The frequency and temperature dependence of the damping of Rayleigh surface modes by cubic anharmonic terms in the crystal potential energy has been calculated for a model of a simple cubic crystal with nearest- and next-nearest-neighbor harmonic forces and with nearest-neighbor cubic anharmonic forces. The damping mechanisms considered in this paper are the interactions between the Rayleigh wave and two bulk phonons which have not been perturbed by the presence of free crystalline surfaces—in particular, interactions in which the Rayleigh wave combines with one bulk phonon to create a second bulk phonon.
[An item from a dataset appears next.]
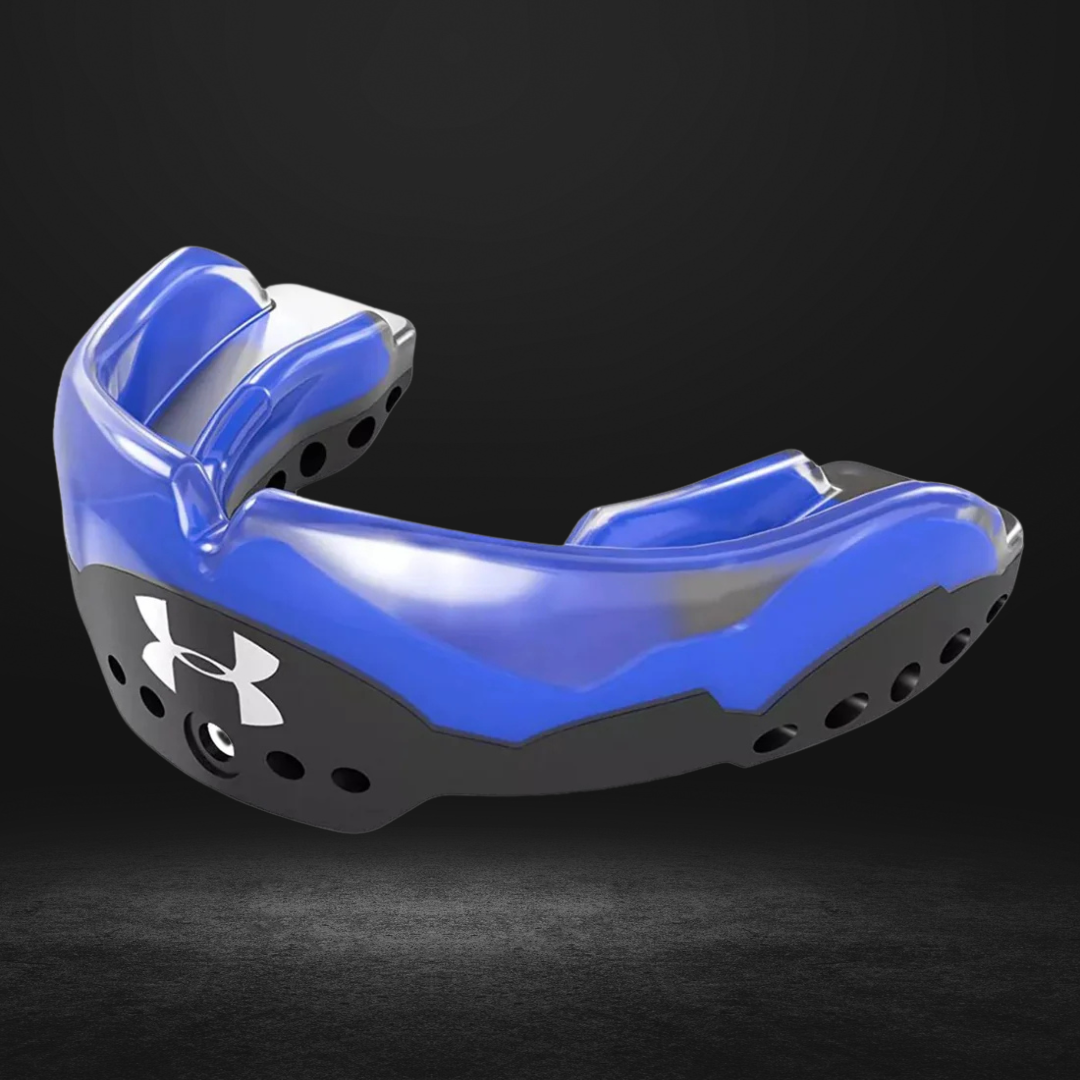 Shock Doctor Gameday Under Armour Elite Mouthguard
In the limit that $\frac{\hslash {\omega }_s}{k_{B}T}\ll 1$, where ${\omega }_s$ is the frequency of the Rayleigh wave and $T$ is the absolute temperature, it is found that the Rayleigh-wave damping constant (half the inverse lifetime of the Rayleigh wave) is proportional to ${\omega }_s{\left(k_{B}T\right)}^4$. The damping of low-frequency bulk transverse waves by cubic anharmonic processes at low temperatures is also calculated on the basis of the same crystal model. It is found that when $\frac{\hslash {\omega }_t}{k_{B}T}\ll 1$, where ${\omega }_t$ is the frequency of the transverse wave, the damping constant is proportional to ${\omega }_t{\left(k_{B}T\right)}^4$. From a comparison of these two results, it appears that the damping of Rayleigh waves is larger than that of bulk transverse waves.